Ecosyste.ms: Awesome

An open API service indexing awesome lists of open source software.

Awesome Lists | Featured Topics | Projects

https://github.com/MolecularAI/aizynthtrain

Tools to train synthesis prediction models
https://github.com/MolecularAI/aizynthtrain

Last synced: 1 day ago
JSON representation

Tools to train synthesis prediction models

Awesome Lists containing this project

README

        

# aizynthtrain

aizynthtrain is a collection of routines, configurations and pipelines for training synthesis prediction models for the AiZynthFinder software.

## Prerequisites

Before you begin, ensure you have met the following requirements:

* Linux, Windows or macOS platforms are supported - as long as the dependencies are supported on these platforms.

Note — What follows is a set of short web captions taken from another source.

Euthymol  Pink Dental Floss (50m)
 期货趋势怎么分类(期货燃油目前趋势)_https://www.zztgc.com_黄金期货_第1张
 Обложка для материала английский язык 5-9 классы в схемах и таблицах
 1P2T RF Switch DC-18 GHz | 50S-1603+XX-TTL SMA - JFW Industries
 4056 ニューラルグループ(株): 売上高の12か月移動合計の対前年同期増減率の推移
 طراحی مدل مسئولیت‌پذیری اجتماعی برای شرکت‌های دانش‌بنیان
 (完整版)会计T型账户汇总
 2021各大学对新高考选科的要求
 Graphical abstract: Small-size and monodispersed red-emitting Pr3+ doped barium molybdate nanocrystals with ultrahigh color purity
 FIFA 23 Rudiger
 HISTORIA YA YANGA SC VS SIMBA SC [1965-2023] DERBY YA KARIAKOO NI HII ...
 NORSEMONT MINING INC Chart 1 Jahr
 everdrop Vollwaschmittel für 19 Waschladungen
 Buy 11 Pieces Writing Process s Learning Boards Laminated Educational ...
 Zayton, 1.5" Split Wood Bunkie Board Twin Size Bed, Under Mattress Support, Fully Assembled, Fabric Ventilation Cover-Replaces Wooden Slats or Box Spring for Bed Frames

* You have installed [anaconda](https://www.anaconda.com/) or [miniconda](https://docs.conda.io/en/latest/miniconda.html) with python 3.9 - 3.10

The tool has been developed on a Linux platform.

## Installation

First clone the repository using Git.

Then execute the following commands in the root of the repository

conda env create -f env-dev.yml
conda activate aizynthtrain
poetry install

the `aizynthtrain` package is now installed in editable mode.

Now, you need to create a Jupyter Kernel for this environment

conda activate aizynthtrain
ipython kernel install --name "aizynthtrain" --user

## Usage

There is a number of example configurations and SLURM scripts in the `configs/uspto` folder that
was used to retrain the USPTO-based expansion model for AiZynthFinder.

The example configurations can be used as-is to reproduce the modelling, whereas the SLURM scripts
migt have to be adjusted to your system.

To use the given configurations, follow this procedure:

For the training and validation of the expansion models, you need a number of data files that can be downloaded from Zenodo.
In addition the pipelines create a lof of artifcats and therefore, you will start with setting up a folder for your modelling

1. Create a new folder where the pipelines will be executed using

python configs/uspto/setup_folder.py PATH_TO_YOUR_FOLDER

2. cd PATH_TO_YOUR_FOLDER

3. Perform the pipelines from the `rxnutils` package to download and prepare the USPTO datasets for modelling: https://molecularai.github.io/reaction_utils/uspto.html

The `rxnutils` package pipelines should have produced a file `uspto_data_mapped.csv` that will be used as the starting point of the template-extraction pipeline

4. Adapt and execute the `configs/uspto/template_pipeline.sh` SLURM script on your machine.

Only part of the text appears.